COMO DE FATO QUEREMOS ENXERGAR O MUNDO QUE TEMOS DIANTE DE NÓS?

Dois homens, ambos gravemente doentes, estavam no mesmo quarto de um hospital. Um deles podia sentar-se na sua cama durante toda uma hora, em todas manhãs para que os fluidos circulassem nos seus pulmões.

Sua cama ficava junto à única janela que havia naquele ambiente.

O outro não tinha tal privilégio: sua cama estava a alguns metros daquela abertura na parede.

Sem terem outra coisa para se fazer, aqueles homens conversavam por horas a fio, confinados que estavam naquele cubículo.

Falavam de suas famílias, de suas casas, dos seus empregos, de onde tinham passado as férias...

E todos os dias, quando o homem da cama perto da janela ali se sentava, ele passava algum tempo descrevendo para o seu companheiro de quarto, e de adversidades, todas as coisas que ele conseguia ver do mundo lá fora.

O homem da cama do lado começou, a partir de então, a viver à espera daqueles momentos, quando seu universo era alargado e animado por toda a atividade e cor do mundo visto por seu companheiro de infortúnio.

Segundo aquele magistral narrador das belezas externas, de onde se encontrava era possível ver um lindo lago com uma gigantesca montanha ao fundo. Patos e cisnes chapinhavam na água enquanto as crianças brincavam com os seus barquinhos. Jovens namorados caminhavam de braços dados por entre os canteiros de flores de todas as cores do arco-íris. Árvores centenárias e gigantescas acariciavam a paisagem, e uma tênue vista da silhueta da cidade podia ser vista no horizonte à direita das altas montanhas.

E as flores!

Ah, como eram lindas todas elas!!

Além disto duas vezes por semana, defronte daquela janela, alguns vendedores de flores se reuniam numa espécie de feira.

Rosas, violetas, orquídeas...

Orquídeas!! As mais belas de todas as flores!

Eram centenas delas. Todas de um colorido até difícil de se descrever.

Entretanto, o homem da cama próxima à janela, com uma maestria própria dos grandes pintores, fazia aquilo com uma precisão e generosidade incomuns.

E enquanto ele descrevia aquilo tudo com riqueza de detalhes, o homem no outro lado do quarto fechava os seus olhos e imaginava a pitoresca cena.

Certo dia foi a vez de ser descrito um grande desfile em comemoração ao aniversário da cidade. A multidão multicolorida passou defronte ao hospital, dando ainda mais vida a tudo lá fora.

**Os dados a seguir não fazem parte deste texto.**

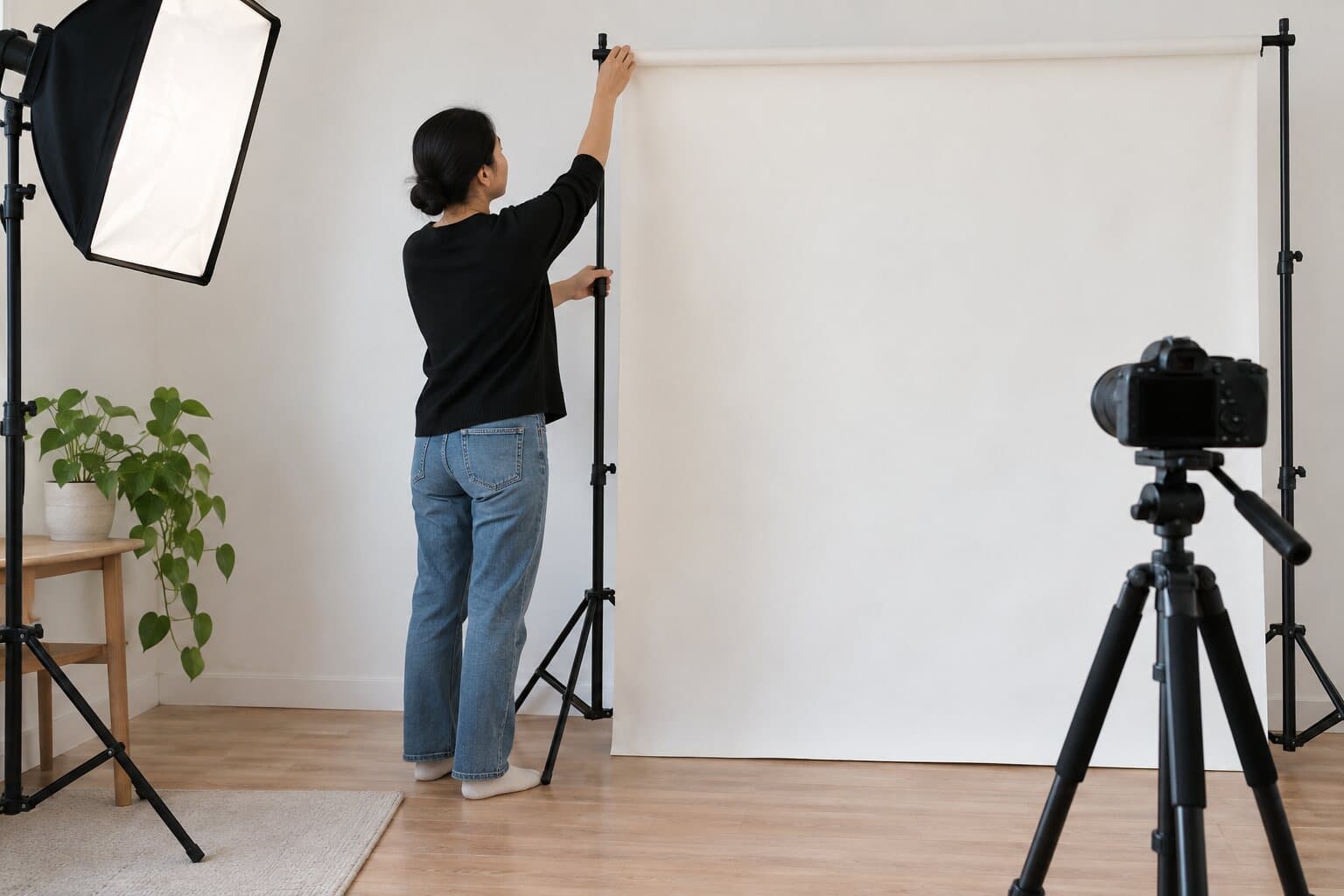 Illustrated home setup for taking a DV Lottery photo with a plain backdrop, eye-level camera and even lighting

Embora o outro homem não conseguisse ouvir a banda, o que lhe pareceu estranho em princípio, ele conseguiu vê-la e ouvi-la em sua mente, enquanto o outro paciente a retratava por meio de palavras essencialmente descritivas.

***

Dias, semanas e meses se passaram.

Certa manhã, uma enfermeira chegou ao quanto dos dois enfermos trazendo água para o banho. Ao entrar encontrou o corpo sem vida do homem que ficava perto da janela.

Ele havia falecido calmamente enquanto dormia.

A enfermeira, muito triste, chamou os funcionários do hospital para que levassem embora o corpo do desafortunado.

Logo que lhe pareceu apropriado, o homem que havia continuado vivo perguntou se podia ser colocado na cama perto da janela.

A enfermeira disse logo que sim, e ele para lá se mudou de imediato.

Depois de se certificar de que o homem estava bem instalado, a enfermeira deixou o quarto.

Lentamente, e ainda cheio de dores, o homem ergueu-se, apoiado nos cotovelos, com o objetivo de contemplar o mundo lá fora. Para isto fez um esforço sobre-humano para olhar para o lado de fora da janela.

Grande foi sua surpresa ao descobrir que do outro lado da abertura pela qual olhava, nada havia, além de uma imensa parede de tijolos.

Desolado, o homem chamou de volta a enfermeira e indagou quando aquele “muro” havia sido erguido ali.

A funcionária do hospital contou-lhe então que ele fora construído há mais de dez anos.

Desolado com a informação, o homem questionou então sobre os motivos que levara o falecido a descrever coisas tão maravilhosas do lado de fora da janela.

A enfermeira, estupefata, respondeu que não fazia a menor ideia do que seu interlocutor estava falando. Isto porque o homem que fora seu companheiro de quarto era cego.